**EXERCISE DIRECTIONS**
Transcribe the entries below word for word, beginning at the line with "Vintage Vanilla White" and stopping after the line with "map of restaurants, bars, coffee"; drop all pictures.

**RECORDS SUPPLIED**
====================

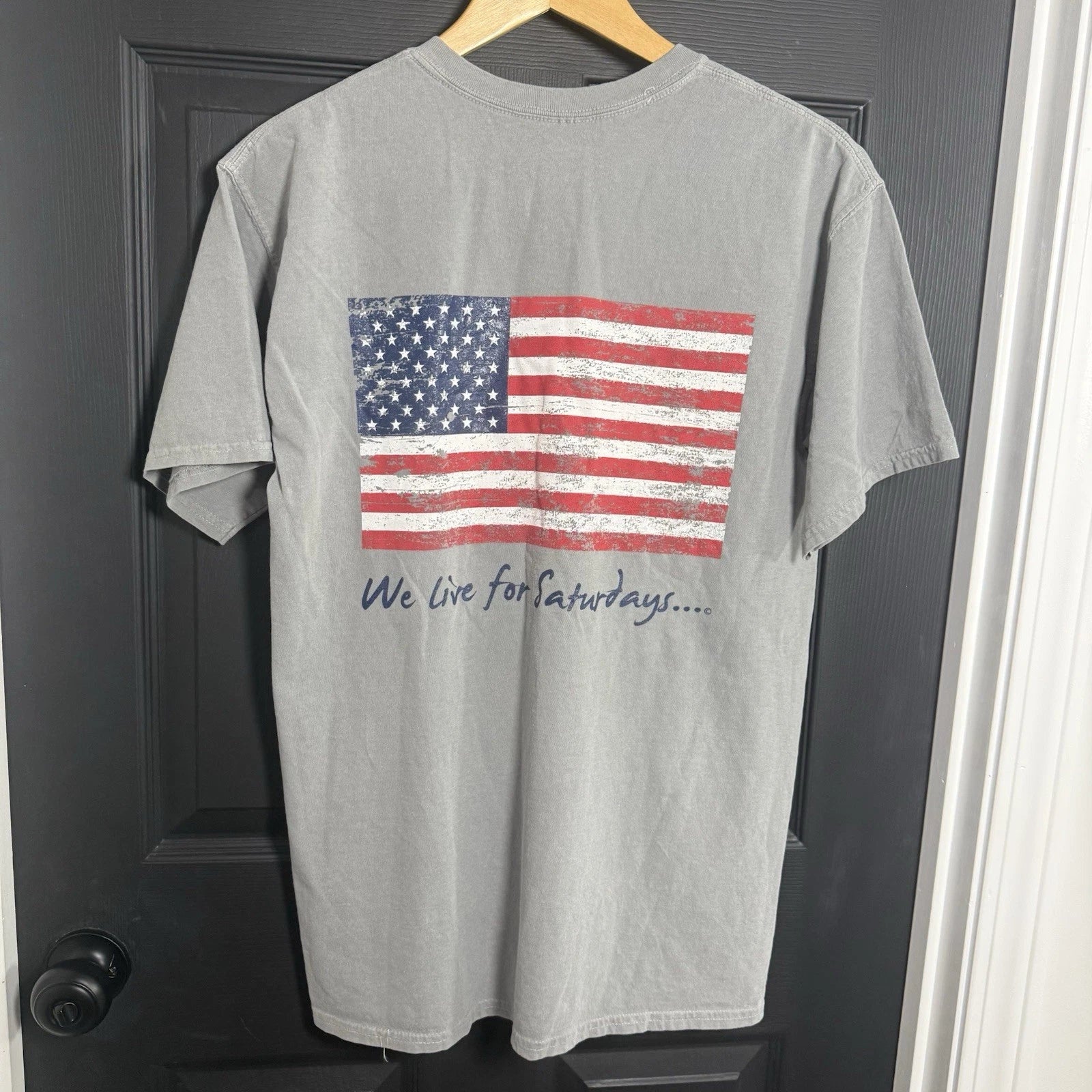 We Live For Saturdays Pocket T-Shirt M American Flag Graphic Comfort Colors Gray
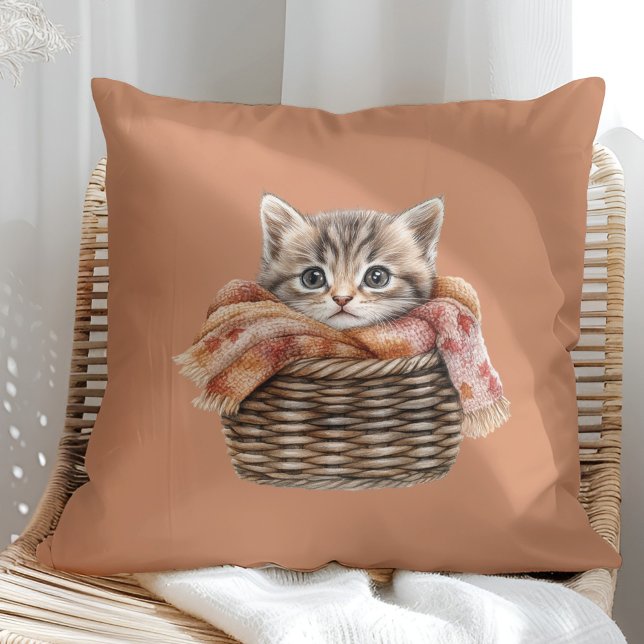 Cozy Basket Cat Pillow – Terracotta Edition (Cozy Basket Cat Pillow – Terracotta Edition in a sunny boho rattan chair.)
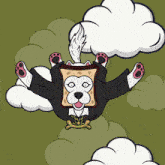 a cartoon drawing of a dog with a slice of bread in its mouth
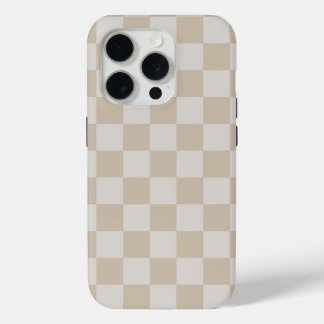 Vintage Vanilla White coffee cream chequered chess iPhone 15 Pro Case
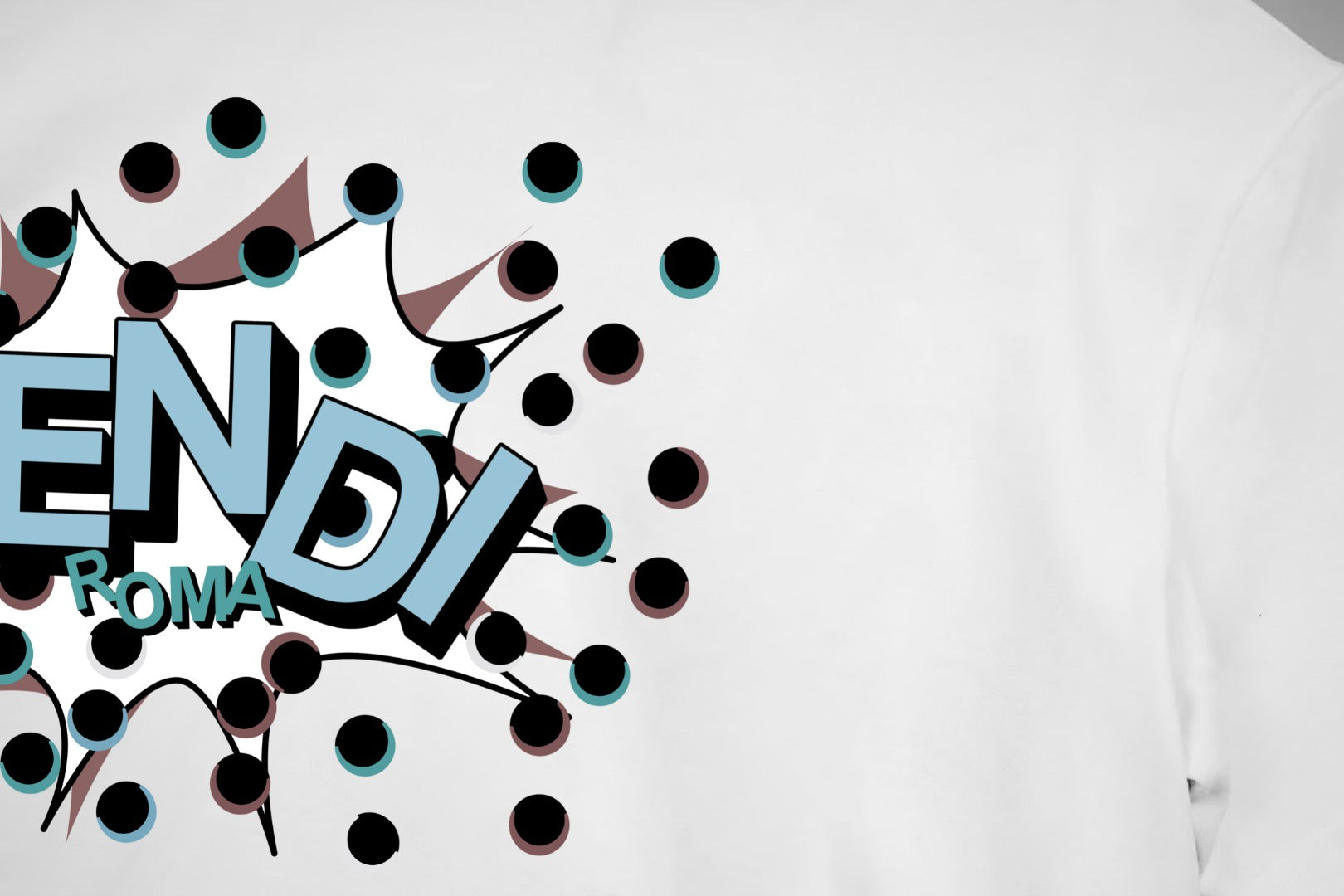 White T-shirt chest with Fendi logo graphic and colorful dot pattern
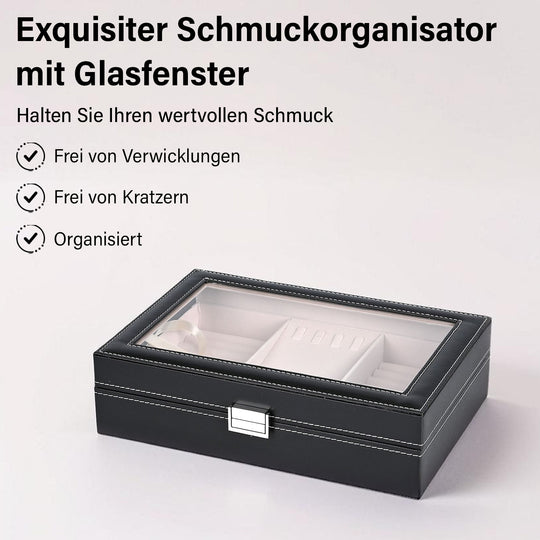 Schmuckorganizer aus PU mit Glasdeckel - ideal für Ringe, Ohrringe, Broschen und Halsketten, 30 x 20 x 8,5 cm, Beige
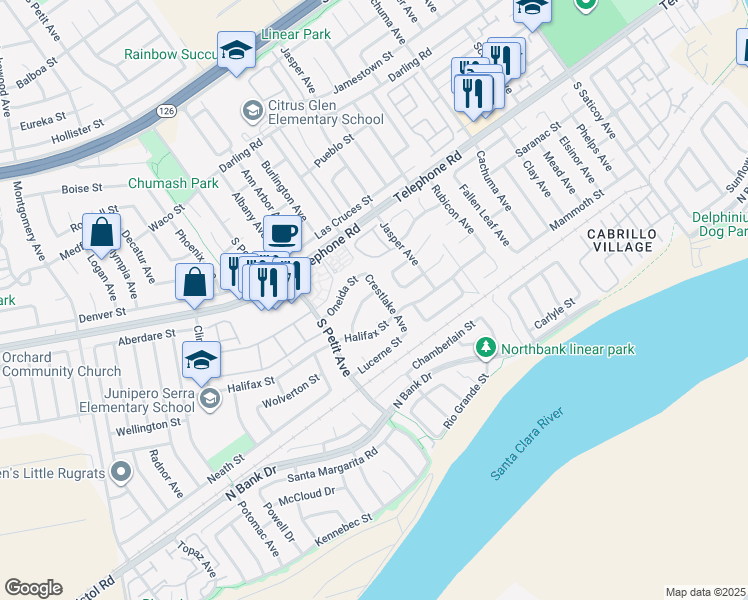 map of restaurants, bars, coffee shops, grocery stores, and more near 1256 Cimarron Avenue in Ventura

====================

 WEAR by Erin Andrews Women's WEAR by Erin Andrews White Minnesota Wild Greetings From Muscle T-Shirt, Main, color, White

====================

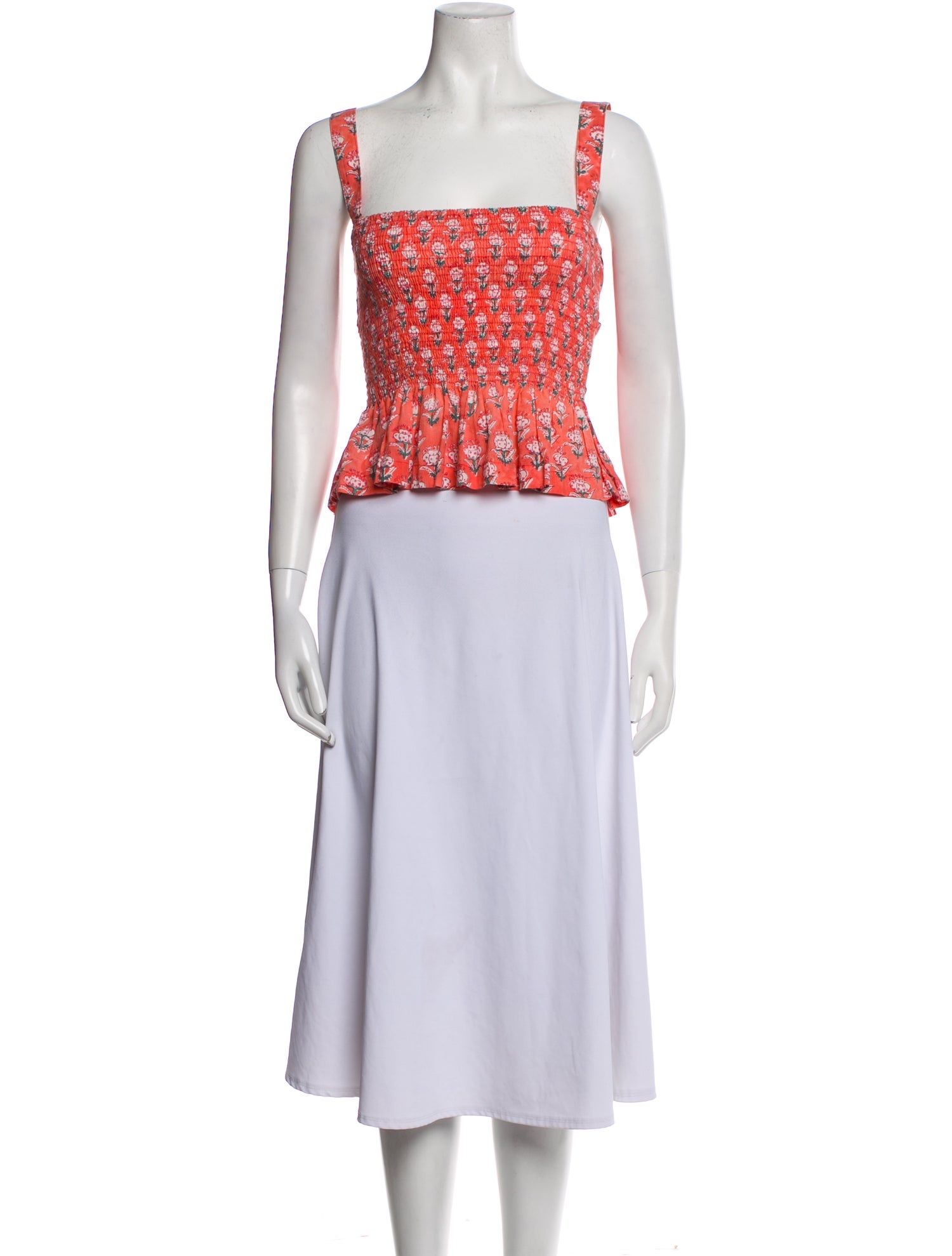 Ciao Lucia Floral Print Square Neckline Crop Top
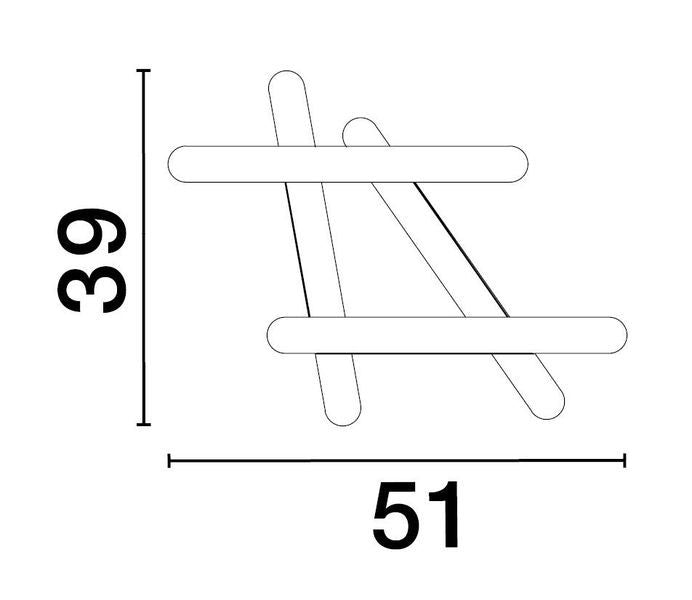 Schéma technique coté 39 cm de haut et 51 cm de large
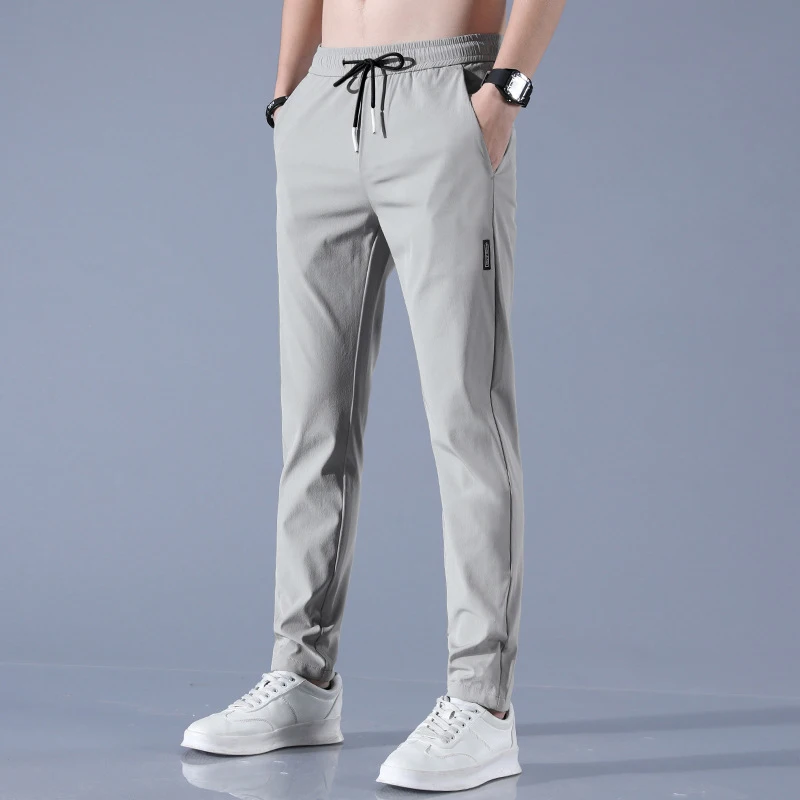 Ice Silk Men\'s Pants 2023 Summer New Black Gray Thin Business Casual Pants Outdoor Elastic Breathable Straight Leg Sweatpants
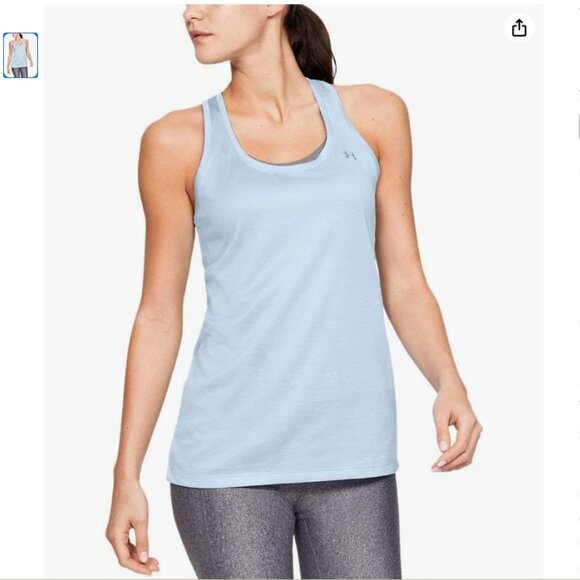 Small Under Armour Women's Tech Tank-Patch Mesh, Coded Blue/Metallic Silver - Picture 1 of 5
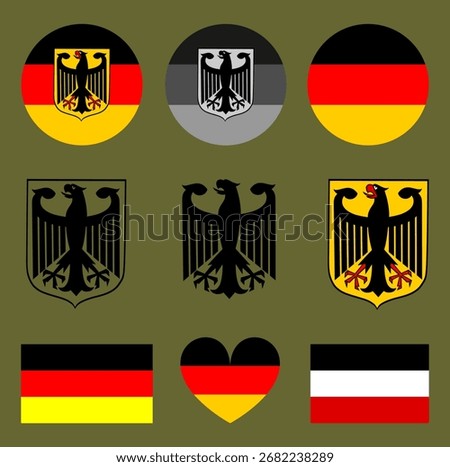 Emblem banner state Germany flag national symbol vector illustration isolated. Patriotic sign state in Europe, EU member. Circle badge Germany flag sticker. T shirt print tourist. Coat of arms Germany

====================

**ANSWER SPACE**
 Vintage Vanilla White coffee cream chequered chess iPhone 15 Pro Case
 White T-shirt chest with Fendi logo graphic and colorful dot pattern
 Schmuckorganizer aus PU mit Glasdeckel - ideal für Ringe, Ohrringe, Broschen und Halsketten, 30 x 20 x 8,5 cm, Beige
 map of restaurants, bars, coffee shops, grocery stores, and more near 1256 Cimarron Avenue in Ventura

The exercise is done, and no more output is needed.